Grønland is a rapid transit station on the Oslo Metro's Common Tunnel, serving all six lines. Situated in the Grønland business and residential area, it lies between Jernbanetorget to the west and Tøyen to the east. The station opened on May 22, 1966, with the subway's inauguration, and underwent refurbishments from 1988–92. Peer Qvam was the original architect.

Grønland has relatively low passenger volume compared to other Common Tunnel stations, which is likely due to the largely residential nature of the surrounding area, despite its proximity to the city center. Adjacent to the ticket hall is a small underground shopping center, with more shops available on the surface level. Although there are no direct connections to other modes of public transportation at Grønland station, the central coach station and a tram stop are located within a short walking distance.

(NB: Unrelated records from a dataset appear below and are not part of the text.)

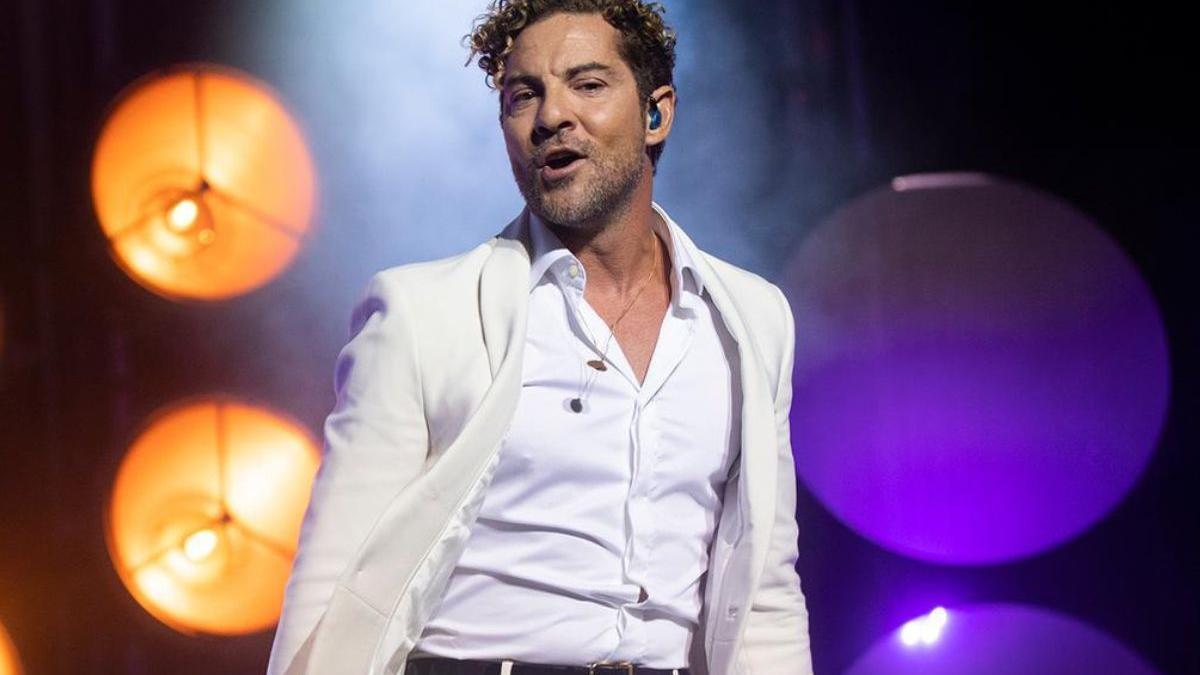 David Bisbal, durante un concierto.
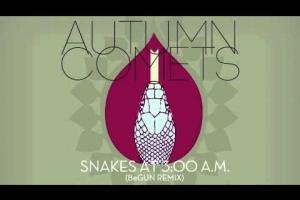 Autumn Comets - Snakes at 3:00 A.M. (BeGun remix)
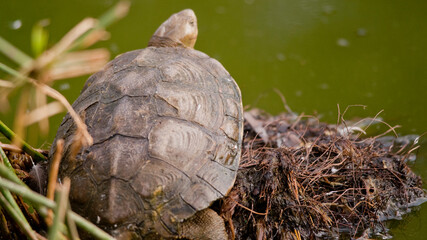 Turtle on Reeds
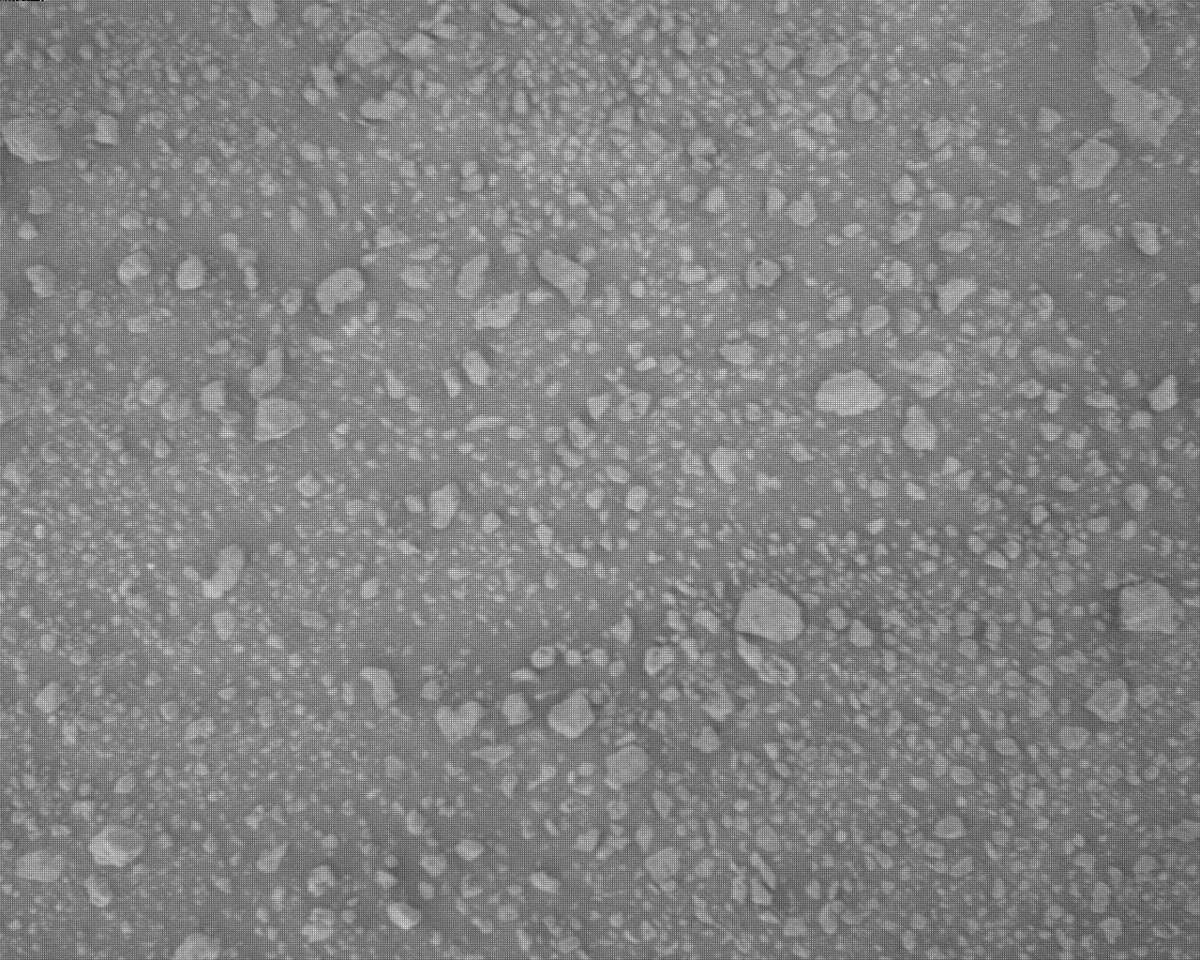 This image was taken by EDL_RDCAM onboard NASA's Mars rover Perseverance on Sol 882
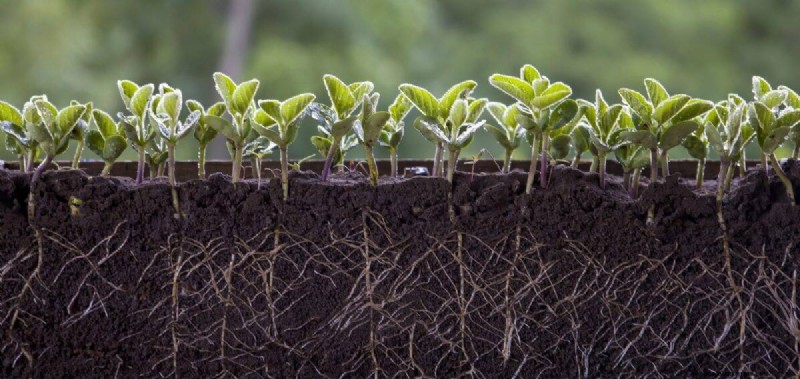 Plant Compatibility: Avoid Garden Conflicts & Boost Growth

The subway schedule suggests Grønland as a transfer point between lines, citing its less crowded platforms compared to neighboring stations. The platform walls feature white tiling, making it one of the system's brightest stations.

==History==
In 1987, work was undertaken to fix leaks caused by cracks in the bedrock that allowed surface water to seep into the station. A clogging chemical was sprayed into the rocks to remedy this. A major renovation commenced on February 1, 1989, encompassing the entrance, passenger hallways, and platform area. This involved replacing flammable materials with non-flammable alternatives, such as exchanging vinyl siding for tiles, enhancing the station's brightness, and installing artwork by Terje Roalkvam. The reopening occurred in November 1989, after an investment of 11 million Norwegian kroner (NOK). The renovations were completed with only one day of closure to travelers.

To mitigate noise pollution affecting the reception of the newly opened Oslo Plaza hotel, the metro installed a 2.4 cm rubber mat under the track and ballast between Grønland and Stortinget in February 1990. After several years of closure, the public toilet at Grønland reopened in May 1990. This was achieved through privatization, where a private enterprise was permitted to sell flowers and collect user fees to cover operating expenses. On October 11, 1998, a bridge providing direct access to Oslo Bus Terminal was opened at a cost of NOK 6 million.

==Service==
As part of the Common Tunnel, the station is served by all six lines of the Oslo Metro. During regular hours, each line operates at a frequency of once or twice every 15 minutes, resulting in approximately 30 departures per hour in each direction. Service is less frequent during late evenings and Saturday and Sunday mornings. Travel time to Stortinget is 2 minutes, while travel times to the eastern terminal stations are 10 minutes to Nydalen, 25 minutes to Vestli, 21 minutes to Bergkrystallen, 23 minutes to Mortensrud and 21 minutes to Ellingsrudåsen.

Located within walking distance is the Oslo Bus Terminal, which provides regional and intercity coach services. Also nearby is the Bussterminalen Grønland stop on the Gamleby Line of the Oslo Tramway.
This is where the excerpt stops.